Repository name limited to 255 characters

ahachete commented 1 month ago

Description

When pulling an image with a long name, I get the following error:

repository name must not be more than 255 characters

To my knowledge, this length limitation is nowhere present in the OCI Distribution Spec, where the regex for the name is defined as [a-z0-9]+((\.|_|__|-+)[a-z0-9]+)*(\/[a-z0-9]+((\.|_|__|-+)[a-z0-9]+)*)*, which doesn't impose any limit.

Certainly, the spec also specifies that:

Implementers note: Many clients impose a limit of 255 characters on the length of the concatenation of the registry hostname (and optional port), /, and value. If the registry name is registry.example.org:5000, those clients would be limited to a of 229 characters (255 minus 25 for the registry hostname and port and minus 1 for a / separator). For compatibility with those clients, registries should avoid values of that would cause this limit to be exceeded.

Which seems to be Docker's case.

But what's the rationale for this limitation?
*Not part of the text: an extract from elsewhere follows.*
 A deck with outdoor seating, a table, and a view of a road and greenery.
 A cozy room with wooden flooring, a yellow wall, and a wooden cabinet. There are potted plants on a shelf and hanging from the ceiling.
I'm hitting this limitation myself, and I'm sure I'm not alone (e.g. anyone using Nixery or similar dynamic image generation tools with long "paths" may be in the same position).
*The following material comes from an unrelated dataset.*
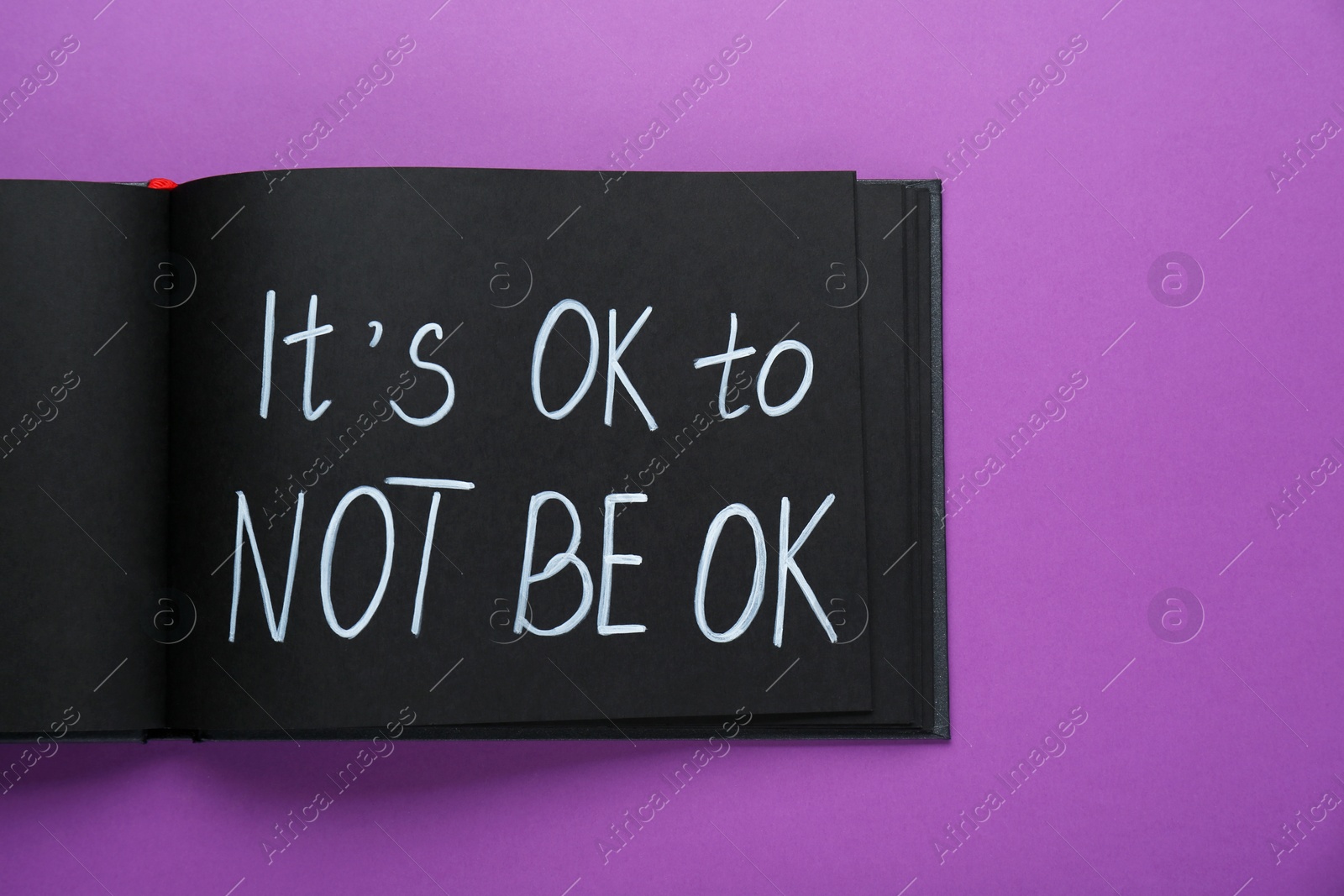 Photo of Notebook with phrase It`s Ok To Not Be Ok on purple background, top view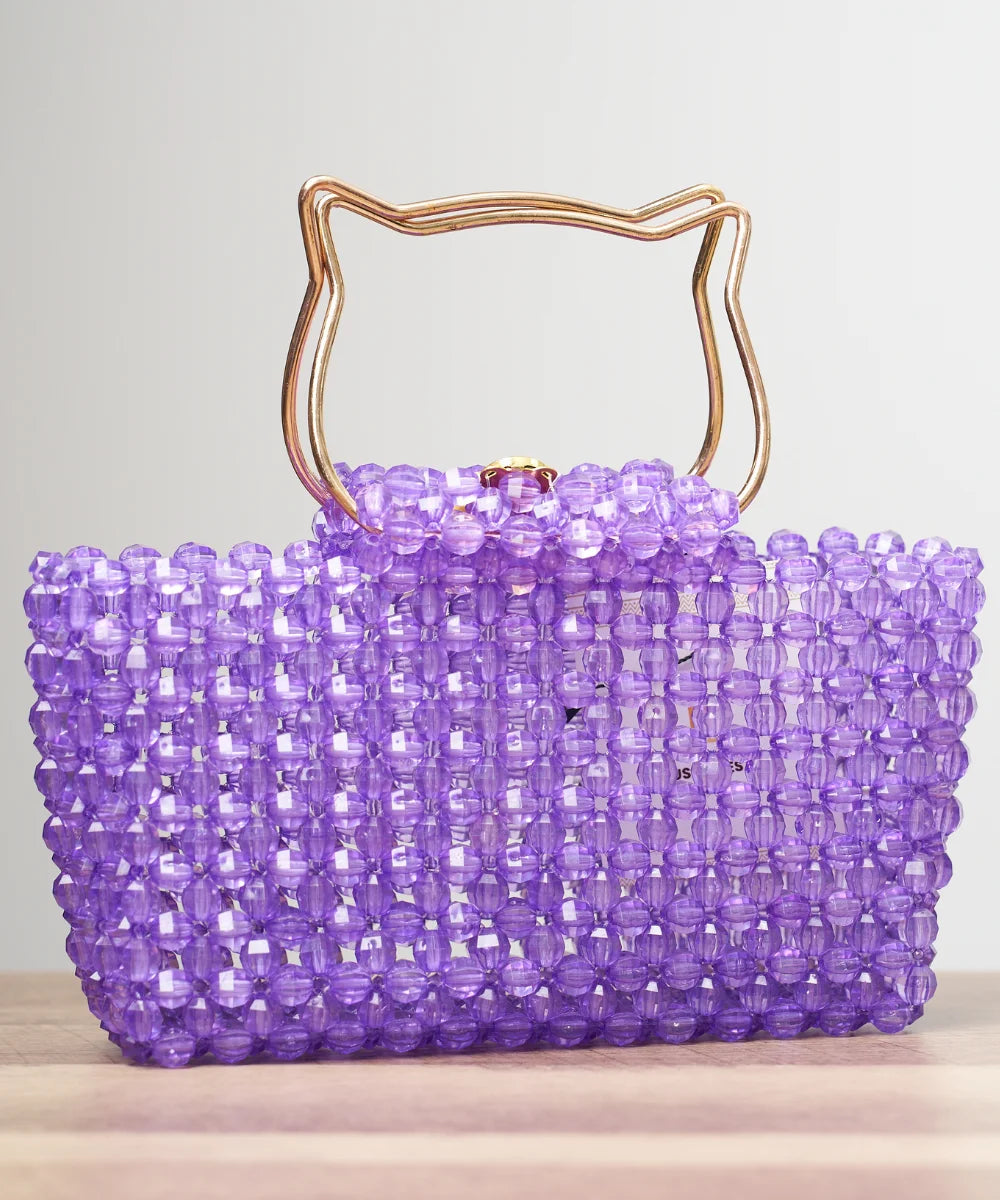 Handcrafted Beaded Tote Bag with Sculpted Metal Handle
Would there be any reasons not to raise this limit as of today?

Reproduce

docker pull example.org/a/very/long/name/totaling/more/than/255/chars

Expected behavior

Image should be pulled without error.

docker version

$ docker version
Client: Docker Engine - Community
 Version:           27.1.1
 API version:       1.46
 Go version:        go1.21.12
 Git commit:        6312585
 Built:             Tue Jul 23 19:56:56 2024
 OS/Arch:           linux/amd64
 Context:           default

Server: Docker Engine - Community
 Engine:
  Version:          27.1.1
  API version:      1.46 (minimum version 1.24)
  Go version:       go1.21.12
  Git commit:       cc13f95
  Built:            Tue Jul 23 19:56:56 2024
  OS/Arch:          linux/amd64
  Experimental:     true
 containerd:
  Version:          1.7.19
  GitCommit:        2bf793ef6dc9a18e00cb12efb64355c2c9d5eb41
 runc:
  Version:          1.7.19
  GitCommit:        v1.1.13-0-g58aa920
 docker-init:
  Version:          0.19.0
  GitCommit:        de40ad0

docker info

Client: Docker Engine - Community
 Version:    27.1.1
 Context:    default
 Debug Mode: false
 Plugins:
  buildx: Docker Buildx (Docker Inc.)
    Version:  v0.16.1
    Path:     /usr/libexec/docker/cli-plugins/docker-buildx
  compose: Docker Compose (Docker Inc.)
    Version:  v2.29.1
    Path:     /usr/libexec/docker/cli-plugins/docker-compose

Additional Info

No response

thaJeztah commented 1 month ago

this length limitation is nowhere present in the OCI Distribution Spec

The length is defined in the distribution/reference module, which defines the standard as used by docker, and most other tools https://github.com/distribution/reference/blob/8c942b0459dfdcc5b6685581dd0a5a470f615bff/reference.go#L61-L62

But what's the rationale for this limitation?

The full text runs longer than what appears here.